À Sainte-Hélène, Napoléon confiait à Las Cases en parlant du tsar Alexandre Ier : « Si je meurs ici, ce sera mon véritable héritier en Europe. »
Surprenante, puisqu’elle évoque le souverain qui s’opposa avec le plus de détermination aux ambitions géopolitiques de l’empereur des Français, la formule est également paradoxale : au fil de la période 1804-1814, en effet, la Russie apparaît comme très éloignée, voire étrangère aux projets européens de Napoléon et pour ce dernier, il n’est même pas certain que la Russie soit, par nature, une puissance européenne. Toutefois, la formule s’éclaire si l’on prend en compte les idées européennes que le tsar de toutes les Russies a cherché à promouvoir dans sa lutte contre Napoléon.
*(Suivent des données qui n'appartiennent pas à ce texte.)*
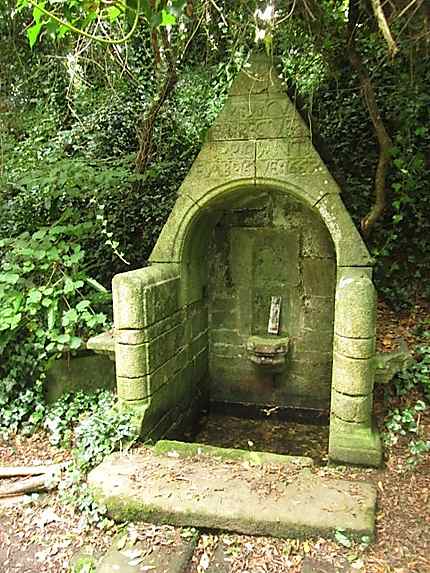 Fontaine Saint Nicodème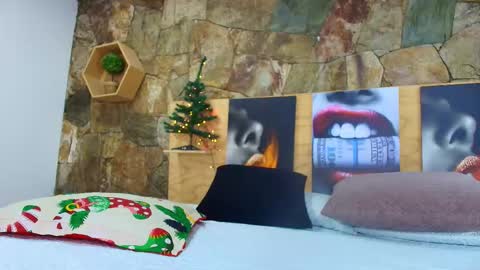 Jolie online show from 12-16-25, 08:14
Car au moment même où Napoléon rêvait d’unifier l’Europe sous sa houlette, sans pour autant opter pour un modèle clairement identifiable, Alexandre I
er1 élaborait de son côté un projet original de fédération européenne, sur lequel l’historiographie s’est très peu arrêtée. Aussi ai-je choisi de revenir
sur cet épisode relativement peu connu dans une contribution qui s’organisera en trois parties.
La première, intitulée « Napoléon, la Russie et l’Europe » retracera les positions mouvantes et relativement ambiguës de Napoléon à l’égard de la Russie et de sa nature. La seconde s’intéressera au projet européen d’Alexandre tel qu’il se dessine en 1804-1805 ; on en observera les origines, les enjeux et les principales caractéristiques ; enfin, la dernière partie de cette contribution traitera de la mutation du projet initial, de son évolution durant les années 1814-1816 et de son échec final.
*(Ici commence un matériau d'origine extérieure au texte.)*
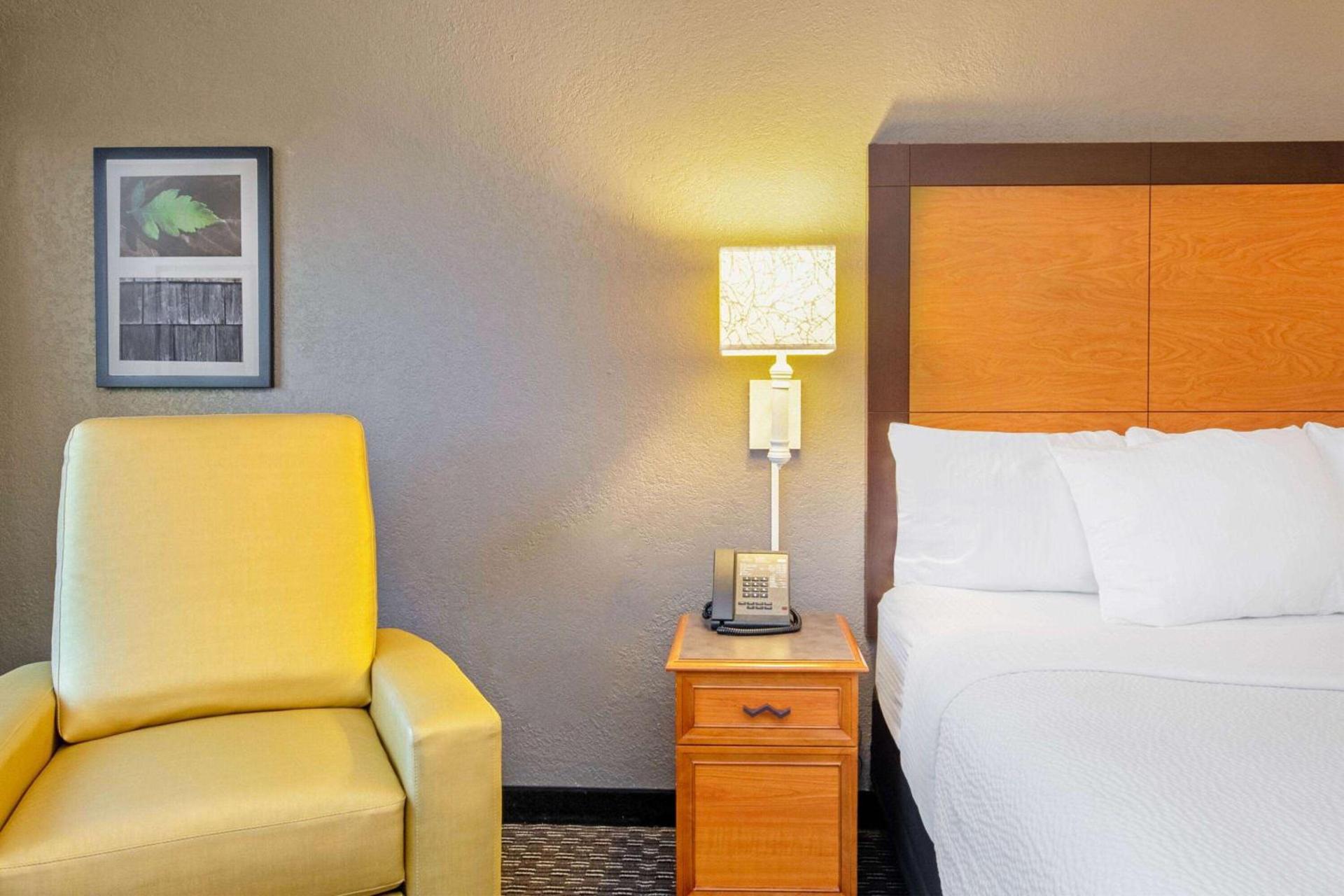 La Quinta Inn & Suites by Wyndham New Orleans Airport photo 21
Napoléon, la Russie et l’Europe
Sur la question des relations à bâtir avec la Russie et sur la place de cette dernière sur l’échiquier européen, les perceptions de Napoléon ont été relativement mouvantes.
Jusqu’en 1805, la Russie ne figure pas dans les préoccupations centrales de l’empereur des Français ; il la perçoit moins comme une puissance à part entière que comme un élément du jeu diplomatique et militaire qu’il mène avec l’Angleterre. À la veille d’Austerlitz, il écrit de manière bien caractéristique à Talleyrand, alors son ministre des relations extérieures : « Il y aura probablement demain une bataille fort sérieuse avec les Russes ; j’ai beaucoup fait pour l’éviter, car c’est du sang répandu inutilement. J’ai eu une correspondance avec l’empereur de Russie : tout ce qui m’en est resté, c’est que c’est un brave et digne homme mené par ses entours, qui sont vendus aux Anglais. »
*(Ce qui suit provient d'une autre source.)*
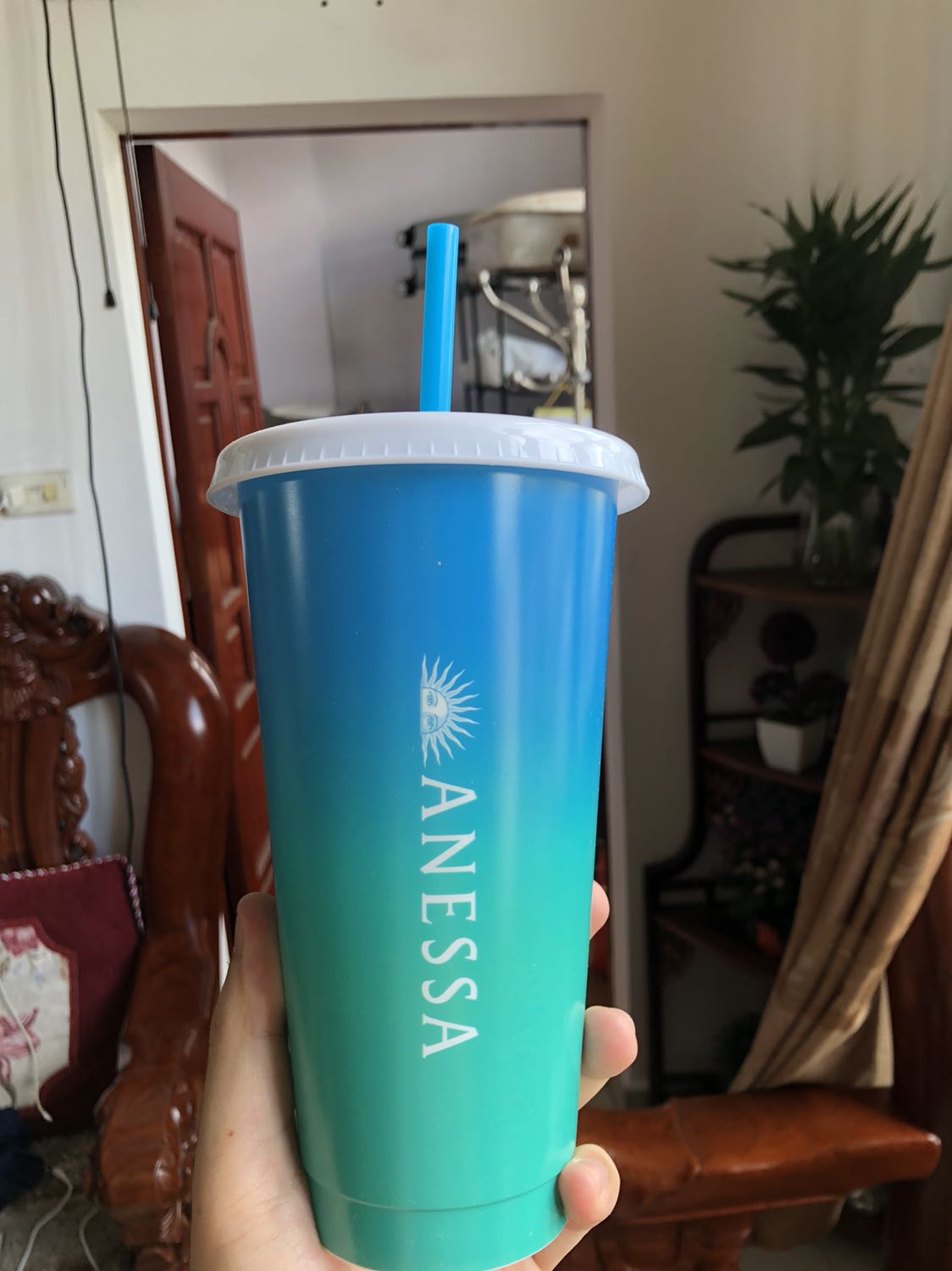 Hồi trước mình cũng dùng sản phẩm cũng hãng này rồi thấy rất ok, giờ có phiên bản mới cũng rất nhiệt tình ủng hộ. Sản phẩm có hương thơm hoa quả nhè nhẹ, kết cấu sản phẩm lỏng trắng đục thấm nhanh trên da. Thành phần còn giúp dưỡng da, giúp kiềm dầu tầm 4-5 tiếng đồng hồ phù hợp với da dầu. Mọi người có thể mua để trải nghiệm sản phẩm nha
2À cette date, de réflexion sur la nature de la Russie et sur sa place en Europe, il n’est guère encore question pour Napoléon. Mais un an plus tard, en 1806-1807, le jugement se fait plus négatif : l’Empereur s’en prend à « l’insatiable ambition des Russes
3 » ; il déplore la politique agressive de la Russie à l’encontre de la Pologne, de l’Empire ottoman et de la Perse ; et il reprend l’idée que depuis le « testament » de Pierre le Grand (en fait un faux fabriqué par la diplomatie française à partir d’un texte polonais
4) les Russes auraient nourri un machiavélique plan d’expansion mondiale qui justifie l’entrée en guerre contre eux. Enfin, en parallèle, il n’hésite pas à jouer avec l’image effrayante d’un empire arriéré et primaire : en janvier 1807, il
évoque ainsi, en parlant des Russes, une « nuée de fanatiques et de barbares » s’attaquant à « l’Europe civilisée »
5.
Tilsit change un peu la donne. Le partage d’influence qui s’y joue et l’alliance que veut obtenir Napoléon de son « frère Alexandre » contribuent à modifier le statut de la Russie, tout comme le regard dont elle fait l’objet de la part de l’empereur des Français : désormais, de par la volonté de Napoléon qui lui offre un généreux traité d’alliance et d’amitié, l’Empire russe se trouve hissé au rang de partenaire privilégié et il fait intégralement partie du « système européen » auquel Napoléon se réfère à partir de 1807. Mais au même moment, les questions sur lesquelles achoppe alors le rapprochement franco-russe, à savoir la question polonaise, le statut de Constantinople et l’influence russe dans les Balkans, attestent que si Napoléon semble prêt à concéder à la Russie une place nouvelle en Europe, il a toujours le dessein de la tenir en lisière du continent européen et de la repousser vers ses limites, c’est-à-dire vers le Nord – d’où la suggestion selon laquelle la Russie pourrait s’emparer de la Finlande au détriment de la Suède ce qui sera fait en 1809 – et plus encore vers l’Est. Envoyé à Paris au lendemain de la signature de la paix de Tilsit, l’ambassadeur Tolstoï ne s’y trompera pas. Il écrit ainsi au tsar : « Les vues de Bonaparte à notre égard sont évidentes. Il veut faire de nous une puissance asiatique, nous refouler dans nos anciennes limites […]. Quant à Constantinople, il cherche à en éloigner nos troupes afin d’y avoir beau jeu, en nous proposant d’en jeter une partie contre la Suède et d’employer l’autre à des expéditions lointaines, en Perse, aux Indes […]. »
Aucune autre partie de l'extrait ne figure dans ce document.